Moi hyperactive ? c’est drôle d’observer comment chacun prévoit ses vacances : si je grossis le trait, il y a ceux dont le programme est aussi chargé que le reste de l’année et ceux qui se posent et se reposent pour mieux attaquer la rentrée à fond.
Un monde qui fuit le vide ?
Si j’écris cet article c’est que je connais bien ce piège. Il porte les habits flatteurs du dynamisme, de l’efficacité, de l’engagement, parfois même du dévouement. Il s’appelle suractivité voir hyperactivité ; mais sous ce masque se cache souvent un stratagème plus sournois : l’anesthésie de nos mutations en cours.
Quand une part de nous est appelée à se transformer, que ce soit dans une transition professionnelle, une bascule de vie, une remise en question identitaire, une tension naît. Une tension féconde, mais exigeante. Elle bouscule les équilibres établis, met en lumière les fissures anciennes, convoque l’invisible et le non-su.
Ce moment-là, nous préférerions l’éviter.
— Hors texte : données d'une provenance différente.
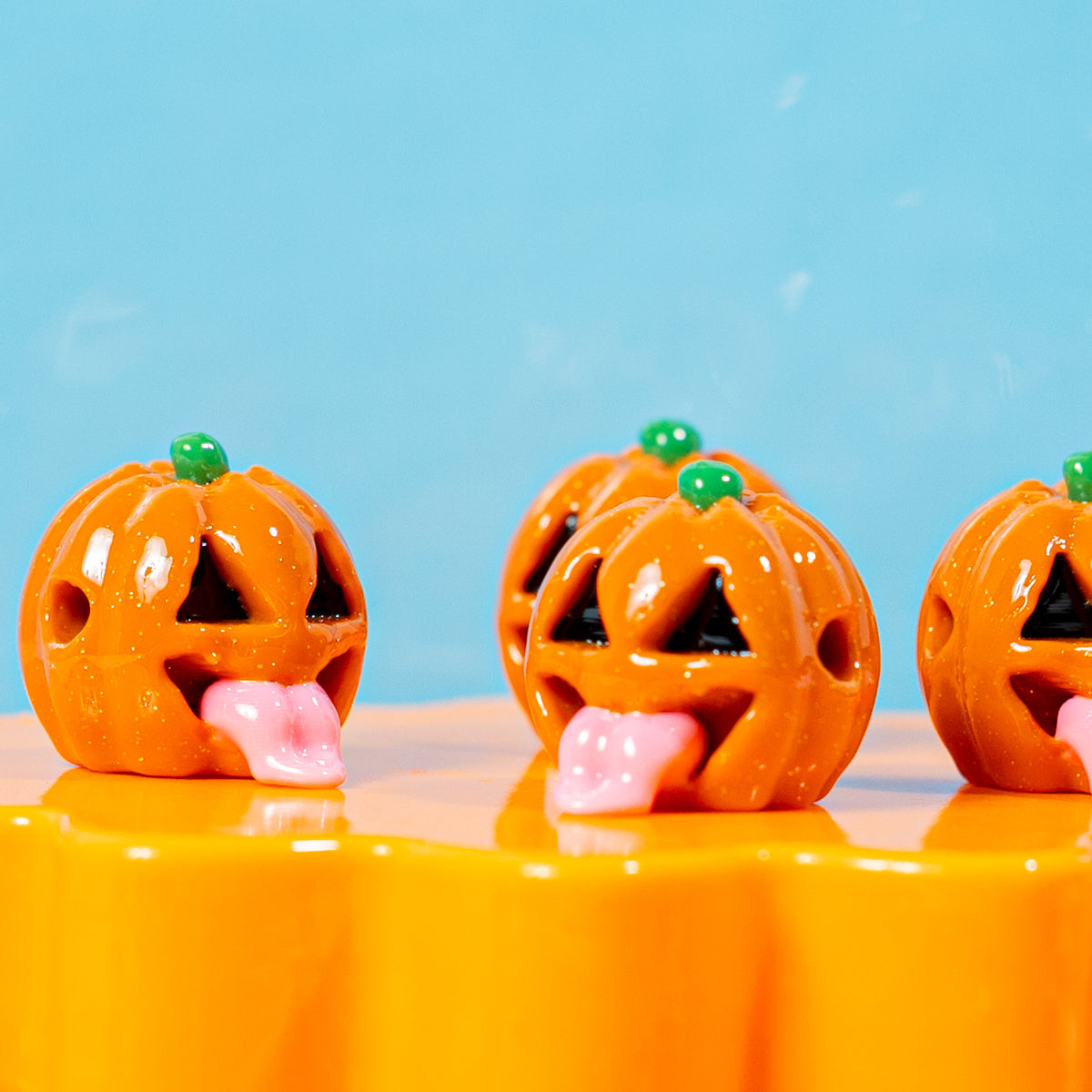 Row of grinning jack o lantern kandi beads sticking out pink tongues on an orange riser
Car rester dans cette tension, c’est accepter de ne pas savoir. De ne plus être tout à fait celui ou celle que nous étions, sans encore connaître celui ou celle que nous devenons. C’est éprouver l’inconfort, le désordre, la peur du vide. Et dans un monde où « remplir » est valorisé, le vide est suspect.
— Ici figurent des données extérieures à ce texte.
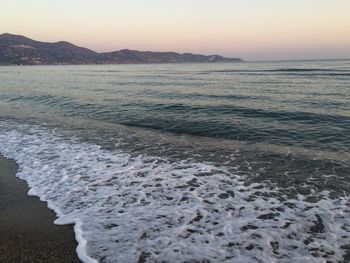 Scenic view of sea at sunrise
Alors, pour ne pas sentir, on remplit.
On sur-remplit l’agenda, les to-do lists, les obligations professionnelles, sociales, affectives. On devient un orchestre à soi seul : à la fois percussionniste, violoniste, chef et régisseur. On s’active, on s’accélère, on s’épuise parfois… mais surtout : on évite.
Comme on grignote nerveusement dans un moment d’angoisse, on s’hyperactive pour ne pas rester avec l’inconnu.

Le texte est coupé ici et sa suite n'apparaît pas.